The Hobart Courier of 24 April 1835 reports the findings of the Board of Inquiry into the wreck appointed by Governor Arthur.  The Board’s report lists the names of 81 convicts who survived, and points out that the prisoners would endeavour to extricate themselves from a situation ... of imminent peril, and it appears they broke down a barricade of the prison with a view to get on deck. That version of events has the sentries over the main hatchway keeping the convicts below deck, and suggests this was just as well because if they had managed to get on deck all at once they’d have rushed the long boat which was the only possible means of rescue and the toll would have been much worse.

The Hobart Courier also reported evidence from convicts concerning threats from the sentries and shots that killed two of the prisoners.

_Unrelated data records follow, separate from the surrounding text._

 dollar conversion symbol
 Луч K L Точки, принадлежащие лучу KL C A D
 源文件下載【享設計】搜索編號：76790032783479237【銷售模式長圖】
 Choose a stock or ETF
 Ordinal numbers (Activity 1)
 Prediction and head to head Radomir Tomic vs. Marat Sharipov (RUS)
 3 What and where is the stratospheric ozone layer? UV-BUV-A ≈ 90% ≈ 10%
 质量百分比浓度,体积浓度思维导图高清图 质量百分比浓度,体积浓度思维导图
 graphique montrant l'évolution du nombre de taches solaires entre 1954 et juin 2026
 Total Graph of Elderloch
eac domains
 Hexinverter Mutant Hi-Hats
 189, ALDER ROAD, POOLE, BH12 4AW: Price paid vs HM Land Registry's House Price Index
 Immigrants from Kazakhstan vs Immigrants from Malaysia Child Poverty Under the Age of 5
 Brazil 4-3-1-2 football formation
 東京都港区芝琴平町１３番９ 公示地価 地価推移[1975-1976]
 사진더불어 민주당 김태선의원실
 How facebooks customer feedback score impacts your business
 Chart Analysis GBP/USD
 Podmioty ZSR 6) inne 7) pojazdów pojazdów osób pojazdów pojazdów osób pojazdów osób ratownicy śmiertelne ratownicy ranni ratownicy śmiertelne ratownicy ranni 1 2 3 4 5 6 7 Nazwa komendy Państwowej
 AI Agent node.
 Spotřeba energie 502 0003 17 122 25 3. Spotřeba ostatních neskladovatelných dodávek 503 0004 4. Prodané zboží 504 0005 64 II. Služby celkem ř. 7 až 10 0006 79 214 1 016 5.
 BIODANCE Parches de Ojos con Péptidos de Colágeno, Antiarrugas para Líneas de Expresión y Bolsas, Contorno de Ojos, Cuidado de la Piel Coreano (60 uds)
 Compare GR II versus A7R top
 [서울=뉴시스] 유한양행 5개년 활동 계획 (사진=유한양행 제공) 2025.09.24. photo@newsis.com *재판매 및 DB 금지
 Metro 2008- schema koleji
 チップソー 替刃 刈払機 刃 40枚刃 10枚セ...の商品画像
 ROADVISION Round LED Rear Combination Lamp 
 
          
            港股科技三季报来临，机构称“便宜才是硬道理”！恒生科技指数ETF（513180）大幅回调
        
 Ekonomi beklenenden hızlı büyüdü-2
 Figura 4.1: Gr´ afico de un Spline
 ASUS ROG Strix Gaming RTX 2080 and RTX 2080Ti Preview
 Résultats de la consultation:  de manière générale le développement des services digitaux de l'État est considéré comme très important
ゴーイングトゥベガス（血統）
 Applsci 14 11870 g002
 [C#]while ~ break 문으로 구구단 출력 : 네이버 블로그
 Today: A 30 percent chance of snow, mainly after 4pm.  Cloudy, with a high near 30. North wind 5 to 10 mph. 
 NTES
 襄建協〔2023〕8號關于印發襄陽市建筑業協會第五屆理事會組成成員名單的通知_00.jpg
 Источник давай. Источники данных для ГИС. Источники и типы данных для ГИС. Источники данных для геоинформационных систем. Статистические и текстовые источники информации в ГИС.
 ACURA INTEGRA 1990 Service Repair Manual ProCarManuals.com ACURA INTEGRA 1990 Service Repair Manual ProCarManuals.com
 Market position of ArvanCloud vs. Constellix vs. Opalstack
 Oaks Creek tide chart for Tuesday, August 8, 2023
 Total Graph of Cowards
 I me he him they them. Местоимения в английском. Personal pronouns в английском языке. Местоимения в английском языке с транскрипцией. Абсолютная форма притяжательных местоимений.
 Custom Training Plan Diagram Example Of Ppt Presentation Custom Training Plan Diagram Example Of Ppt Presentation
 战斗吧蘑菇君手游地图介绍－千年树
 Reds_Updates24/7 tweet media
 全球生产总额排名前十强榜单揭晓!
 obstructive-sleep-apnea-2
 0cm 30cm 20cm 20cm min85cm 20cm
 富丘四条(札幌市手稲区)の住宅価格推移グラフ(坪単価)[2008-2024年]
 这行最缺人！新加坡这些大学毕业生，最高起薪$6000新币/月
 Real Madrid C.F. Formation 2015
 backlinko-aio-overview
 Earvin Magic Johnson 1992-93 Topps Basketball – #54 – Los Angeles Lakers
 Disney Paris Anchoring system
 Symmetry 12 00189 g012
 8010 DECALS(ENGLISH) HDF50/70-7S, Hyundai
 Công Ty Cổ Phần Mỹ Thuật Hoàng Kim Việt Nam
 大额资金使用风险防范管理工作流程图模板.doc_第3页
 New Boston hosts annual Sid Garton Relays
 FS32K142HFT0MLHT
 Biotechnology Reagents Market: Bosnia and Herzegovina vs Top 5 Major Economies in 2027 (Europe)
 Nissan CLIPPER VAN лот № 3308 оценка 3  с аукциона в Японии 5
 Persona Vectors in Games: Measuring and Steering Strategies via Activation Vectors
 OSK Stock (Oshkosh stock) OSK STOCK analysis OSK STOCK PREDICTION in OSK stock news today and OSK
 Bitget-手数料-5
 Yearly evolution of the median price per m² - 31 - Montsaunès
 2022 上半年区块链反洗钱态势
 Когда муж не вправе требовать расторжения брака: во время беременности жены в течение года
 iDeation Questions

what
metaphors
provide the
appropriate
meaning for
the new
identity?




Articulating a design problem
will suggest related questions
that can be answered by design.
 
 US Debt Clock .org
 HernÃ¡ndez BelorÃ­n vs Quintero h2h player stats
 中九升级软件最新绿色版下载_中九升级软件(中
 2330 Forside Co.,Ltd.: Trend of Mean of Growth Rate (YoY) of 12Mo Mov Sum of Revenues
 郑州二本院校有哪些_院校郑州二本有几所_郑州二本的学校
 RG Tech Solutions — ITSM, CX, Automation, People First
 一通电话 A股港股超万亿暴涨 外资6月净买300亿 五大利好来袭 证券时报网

Four bodies were alleged to have been washed ashore with gunshot wounds and sabre cuts, but the Coroner concluded the wounds were caused by the rocky shore.

As far as the cabin boy is concerned, it seems there were forty juveniles among the two hundred and twenty convicts on board the ship and a soldier's wife, a Mrs Martin, contrived to secure herself on the fore channel of the ship ... and although the sea ran mountains high with frost and rain ... was exposed for 48 hours to the weather with two babes suckling at her bosoms and her elder child held between her knees. A conflicting report has Mrs Martin enduring a mere eight hours until the long boat returned in the morning to take off a second load of survivors.

While the whole thing seems to support the notion that you never let the truth get in the way of a good story, it’s easy to imagine the details being embellished by opponents of transportation and an attempt to whitewash the details by the colonial authorities.